Last week Ray Phiri talked about his take on the business of music in South Africa. This week he talks about his personal and professional life including losing his wife to an accident, raising his children, his inspiration, his collaborative works with Sipho ‘Hotstix’ Mabuse, Tuku and his band Stimela’s role on Paul Simon’s controversial Graceland Tour.

ray phiriHis musical beginnings
My father, Kanyama Phiri was a guitarist until he lost his fingers. He went into depression. I took up playing after him and I taught myself to play after buying a chord book. When I started, I was an instrumentalist. I played guitar. We had a band called the Cannibals. We backed Mparanyana (a famous vernacular soul singer) until he died and then I took up singing. People were thinking that we were finished but I asked how that could be since the person who had been writing the songs was still alive and that was me. I  have also written songs for Sipho ‘Hotstix’ Mabuse among others. When we started, music was not about money though. We played out of passion. We never knew about royalties. Maybe what helped us was that the first black record label was called Mavutela Music run by Richard Bopape. We could earn something like 25 rand per concert. Bopape may not have been educated but he was smart and he taught us to save. I think that has kept us going as a group. We have discipline and we have been together as a team for the past 33 years.
On the Graceland Tour Circa 1987 and the controversy
The controversy surrounding Graceland was ‘created’. There was no cultural boycott that was busted. If working with South Africans meant that you had busted the cultural boycott, then he did. I would never have worked with Paul Simon if I thought he wanted to exploit us. We used him. We used each other. It was an opportunity to sensitise the world about the apartheid regime. We managed to bring the world’s attention to the apartheid monster. Simon made the approach after having worked with other South African musicians fruitlessly. I wrote some of the music. Songs are made up of two things: melody and lyrics. But I am credited as an arranger on the album. But we achieved our goals.
On the controversy
I was telling Dali Tambo (scion of the Tambo family and ANC stalwart) in London, “You are victimising us twice by refusing us the opportunity to speak to the world when the apartheid government is persecuting us.” He then said that Paul Simon should have gone and asked permission from the ANC. The whole thing fizzled out though and we ended up touring the world with Bra Hugh and Miriam Makeba on the tour. 
Working with Paul Simon (former half of pop duo Simon and Garfunkel and writer of Bridge of Troubled Waters)
One thing I can commend him for, is his choice of lyrics and what to talk about.
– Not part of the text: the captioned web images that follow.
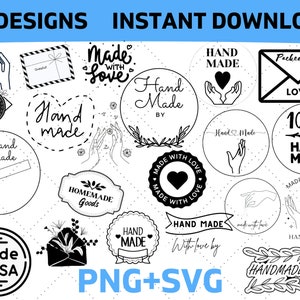 Handritade handgjorda stämplar SVG-paket, handgjorda med kärleksstämplar svg handgjorda av svg-stämplar, tack svg, fylld med kärlek PNG & SVG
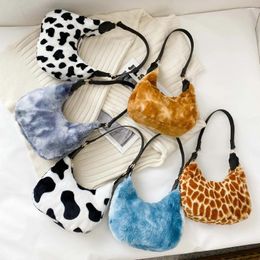 Bag Leather Plush Animal Pattern Underarm Purse Women Shoulder Top-handle Portable Street Travel Commuter Pouch Clutch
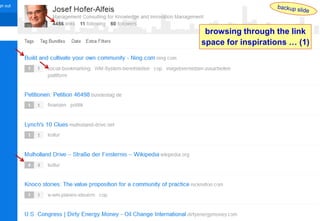 Dr.-Ing. Josef Hofer-Alfeis, 2014 - 40
browsing through the link
space for inspirations … (1)
 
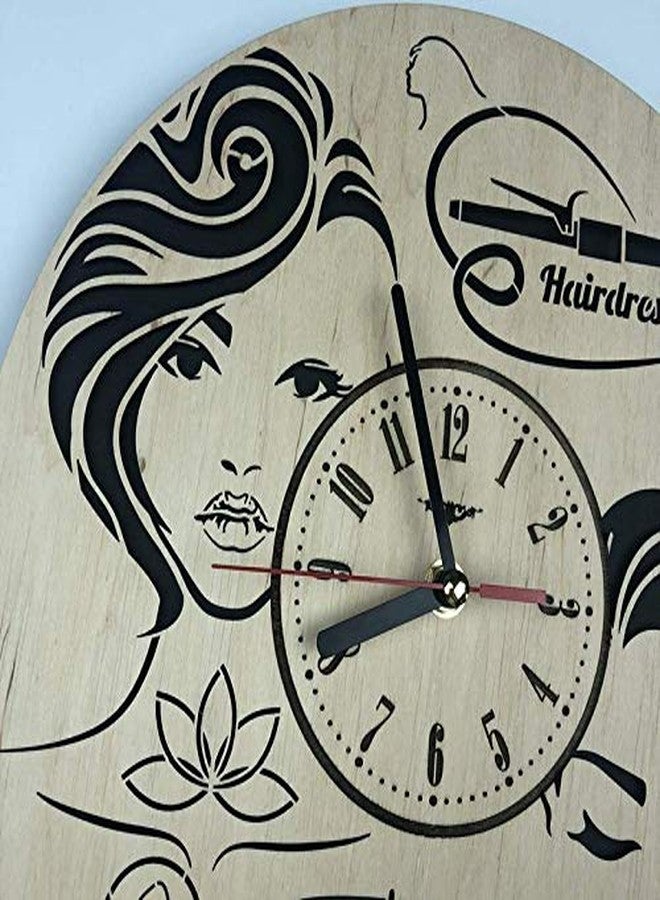 NABSTER Hairdresser Wall Clock Made of Eco Friendly Wood - Unique Barbershop Rakhi Gift Idea and Home Decor - for Home Living Room Kitchen Salon 12 Inch - Image 3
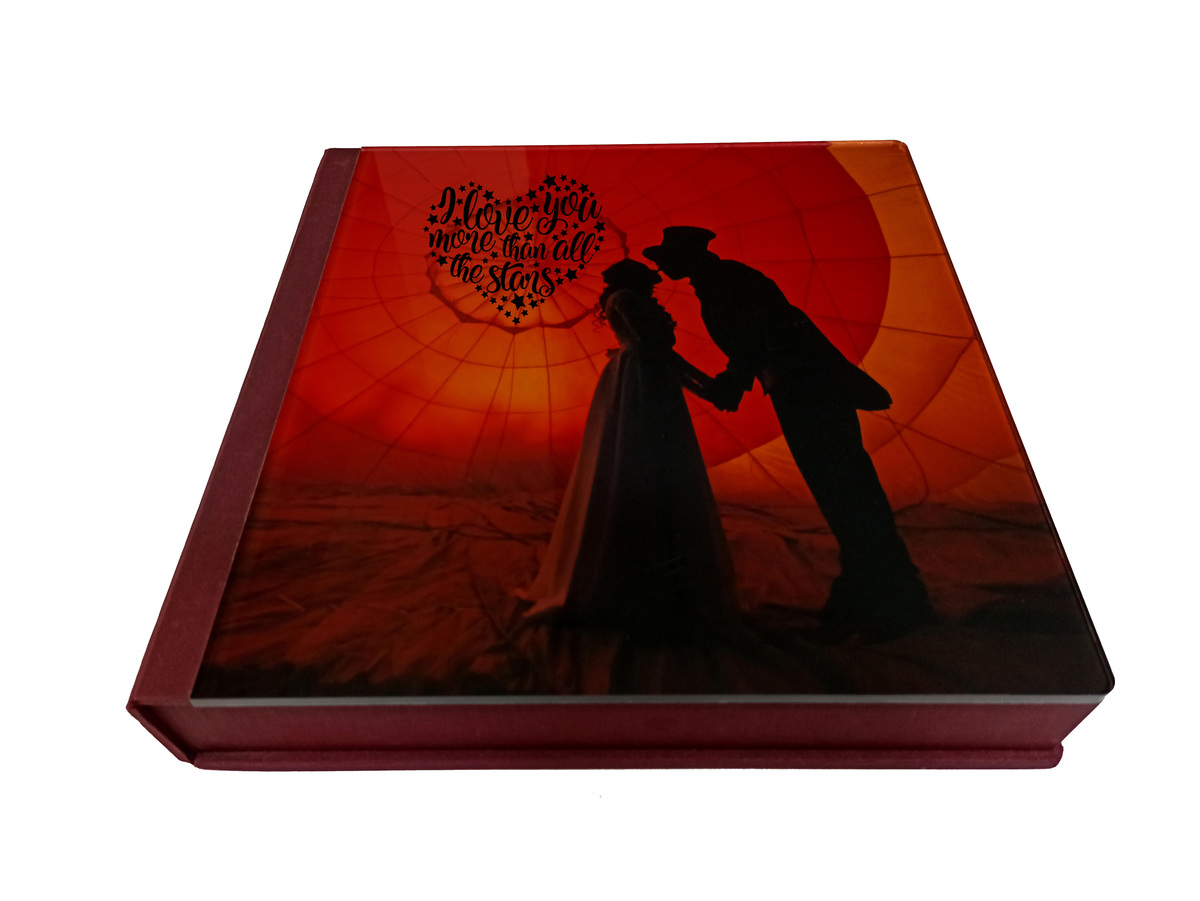 Album encadernado com caixa com tampa de acrílico personalizado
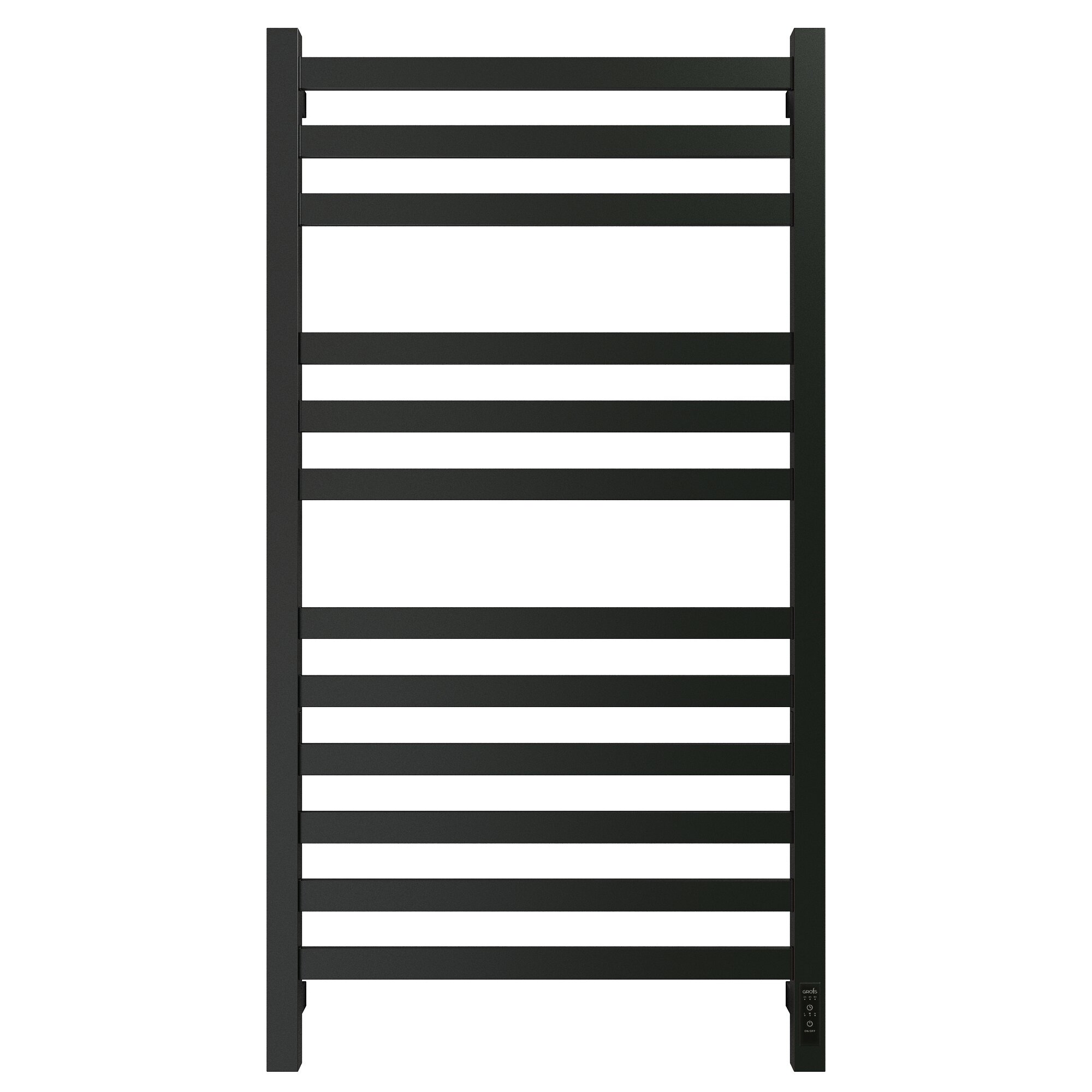 Изображение товара Электрический полотенцесушитель Grois Bruno GR-123 40/100 П12 9005 U, ширина 40 см, высота 100 см, универсальное подключение, диммер справа, черный матовый Изображение товара Электрический полотенцесушитель Grois Bruno GR-123 40/100 П12 9005 U, ширина 40 см, высота 100 см, универсальное подключение, диммер справа, черный матовый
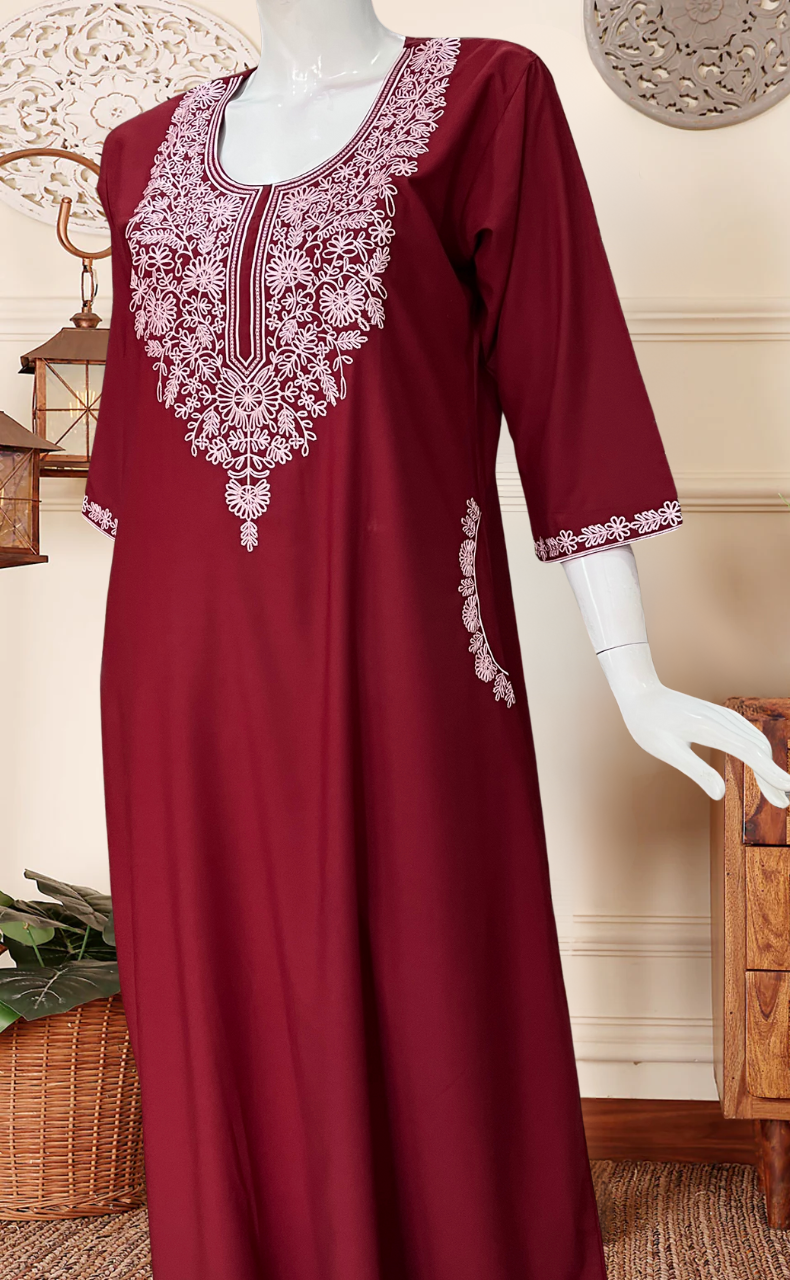 Maroon Embroidery Soft Cotton Long Sleeves Nighty. Soft Breathable Fabric | Laces and Frills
Paul is well read. He reads a lot of medieval books. He is deep like that. Paul is a thinker, a very shrewd person. Before he opens his mouth, he thinks a lot. You never know whether he is arrogant or undermining the other person because he says things in a way he talks about stuff. For example, in a song on Graceland he sings: ‘There is a girl in New York city who calls herself a human trampoline’. The song was caustically about his former wife Carrie Fisher. So maybe it’s his New York sense of humour.
Jamming for West Nkosi and helping to build Tuku Music
I played a role in the creation of Tuku Music. We used to go to Harare where there was Radio One. It had four tracks and West Nkosi would invite me to the sessions in Harare then Salisbury. I spent a lot of time shuttling into this country but did not actually live here. Then producer West Nkosi (of the then Gallo now Gramma) would record the music and we would go back to South Africa and dissect it. If you look at Tuku’s music it has a very South African music influence. It was the session band that would record Tuku’s music in the studio recordings and then West                         Nkosi would have him down in Joburg to record alone. Bakhithi Khumalo would play bass and Isaac Mtshali would play drums adding an mbaqanga/smanje smanje feel. If                                             you ask him and he is honest, he will confirm this. If you listen to the very first albums of Oliver  Mtukudzi you will hear that that                                                                                             was my guitar work but I am not credited because the idea was to build the Black Spirits and we were just sessionists for hire. The Black Spirits of the ‘70s were the very first successful recording group. The Elisha Josamus we also worked with them and would take those guys and record them. Even the Bundu Boys when they went out there, we would assist them.
On Thomas Mapfumo’s music 
The music is very safe. I have heard Ndangariro and other albums. The lyrics are very strong  and the music is very safe. But it can be be more. One thing I have realised about traditional music is that it’s kept at the folk level. Once you don’t want to experiment then the music doesn’t grow. But there is one Zimbabwean guy who is amazing in my opinion. The one who did Shamwari, Louis Mhlanga. He can be great. There are also other people I think are great. Dorothy Masuka is a legend. She gave so much to her art. She was born a cultural emissary. She wrote some of the songs that made Miriam Makeba. Though she is ailing now but her spirit is still strong.
Losing his religion
I stopped going to church in 1964. I used to go to church. I treat God as infinite. But just because you haven’t experienced my truth doesn’t make it a lie. I was a Catholic and I was punished on Monday after having confessed to the priest on Sunday. I said, ‘how can a human being punish me for what I had confessed to God?’ I have taught my kids to never ask me to go church. But I don’t stop them 
Losing his wife and raising the babies alone
It was bad. My daughter is the one who saved me. She was seven months when we had the accident in 2003. I never went out for three years. I would hear her cry and I would be frantic to know who is hurting her. My daughter saved me because I focused entirely on her. Later on I remarried a widow also who helped me cope with the grief and my mum loved her as well as the kids and so we are still together.
 Were you angry with God?
I was angry with myself to say if I hadn’t taken my wife along she might still be alive. The greatest love is to be alive. I have so much love inside of that I love another person and the feeling that you feel is great. That is why when I look at a woman and I say I am fond of you, no one cannot take it away from me. I love you for me.
On personal success
I achieved my dreams. I bought my mum a house amongst other things and she is now 107 years old. I didn’t go back to school but I am building one (Ray Phiri Institute of Arts). My children are well off. Three of my daughters have been to university. Two of them are running their own businesses. I think that music has made me a very wealthy person. Maybe not monetarily but spiritually. My children are better off than me.